There are already resistant bacteria to two of three of the latest generation of antibiotics marketed for treatment of pneumonia in cattle, according to a study by Schering Plough Animal Health.

The company’s senior brand manager, Stewart Hall, says resistance problems with older antibiotics, such as tetracycline, have been known for some time.

And, as with sheep wormers, bacteria are likely to develop resistance to antibiotics over time.

This large-scale EU trial, commissioned by Schering Plough, looked at the three main bacterial pneumonia causes and three new generation antibiotics.

For two of these pneumonia causes, P multocida and H somni, there is no vaccine available, so producers must rely on antibiotics to treat such cases, says Schering Plough vet Andrew Montgomery.

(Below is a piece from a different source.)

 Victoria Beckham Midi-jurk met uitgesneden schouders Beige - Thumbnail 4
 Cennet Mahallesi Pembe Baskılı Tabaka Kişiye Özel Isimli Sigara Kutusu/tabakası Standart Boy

“But it is important to recognise an antibiotic can fail because of resistant bacteria, even when a product has been chosen for the agent causing the disease on the farm.

“For one of the bacterial causes studied, H somni involved in one in five UK bacterial pneumonia cases last year, more than 70% of the 99 strains tested showed some resistance to one of the antibiotics.

More than a quarter of the 99 strains also showed some resistance to a second antibiotic.”

But no resistance problems in the three bacteria were found with florfenicol, the active ingredient in Schering Plough’s Nuflor antibiotic, he added.

He advises producers to continually review their pneumonia treatment protocols with the vet, considering the history of outbreaks, diagnostic data which identifies bacteria or viruses present and the success of previous treatment regimes.

It is also essential to act early to prevent permanent lung damage, says Mr Hall.

“Lung damage will reduce growth rates and feed conversion efficiency.”